TASK PROMPT =
Please set down only the lines below starting with the line with "Στη Μύκονο οι" and going on through the line with "1146 E Founds St Property Photo 39", verbatim and without pictures.

DATA FOR THIS EXERCISE =
————

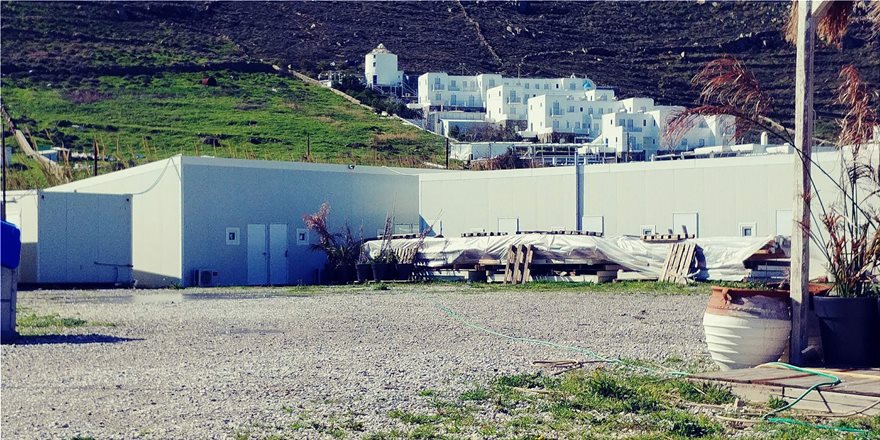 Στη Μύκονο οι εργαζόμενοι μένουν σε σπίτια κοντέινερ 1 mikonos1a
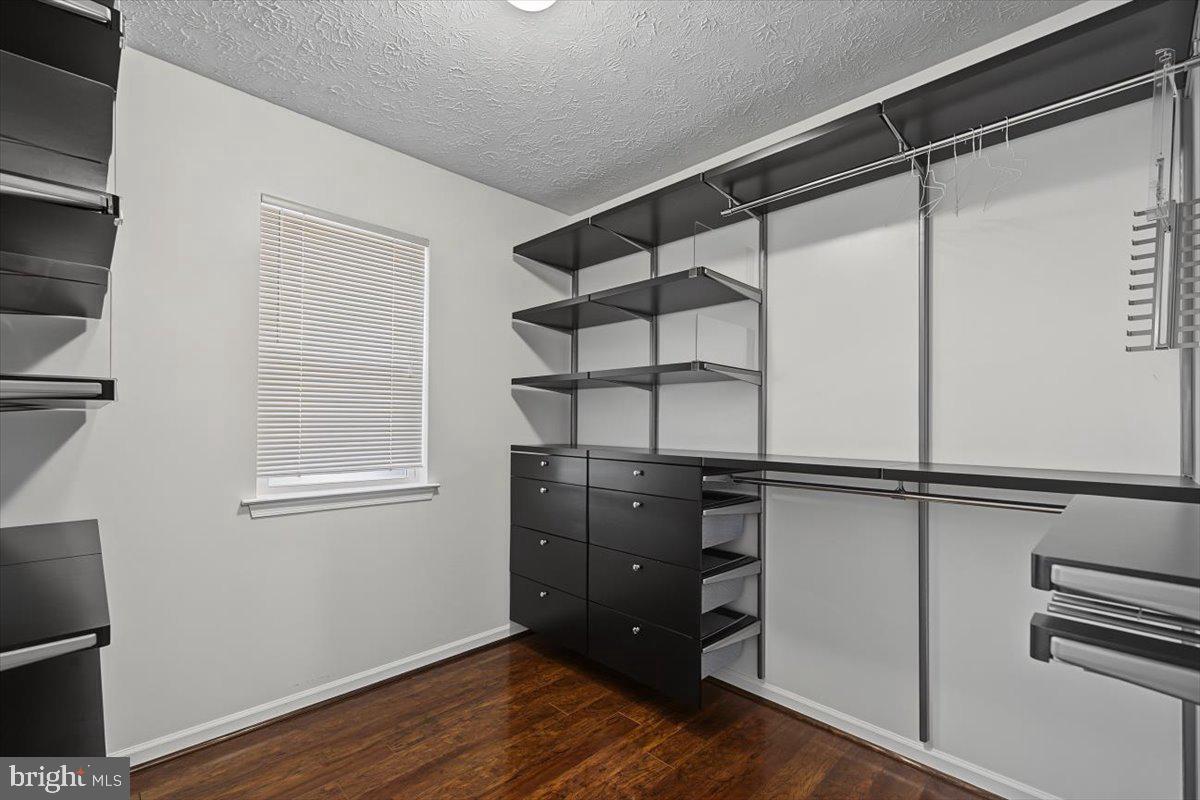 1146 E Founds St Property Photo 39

————

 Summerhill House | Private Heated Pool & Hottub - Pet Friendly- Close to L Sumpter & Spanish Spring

————

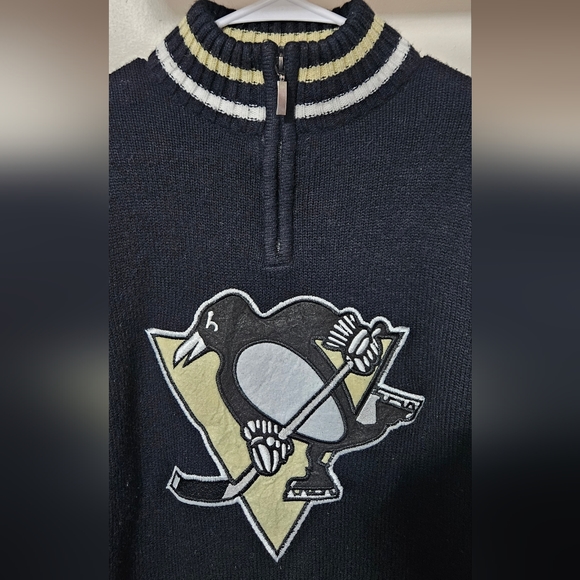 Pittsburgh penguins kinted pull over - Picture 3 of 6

————

EXERCISE SOLUTION =
 Στη Μύκονο οι εργαζόμενοι μένουν σε σπίτια κοντέινερ 1 mikonos1a
 1146 E Founds St Property Photo 39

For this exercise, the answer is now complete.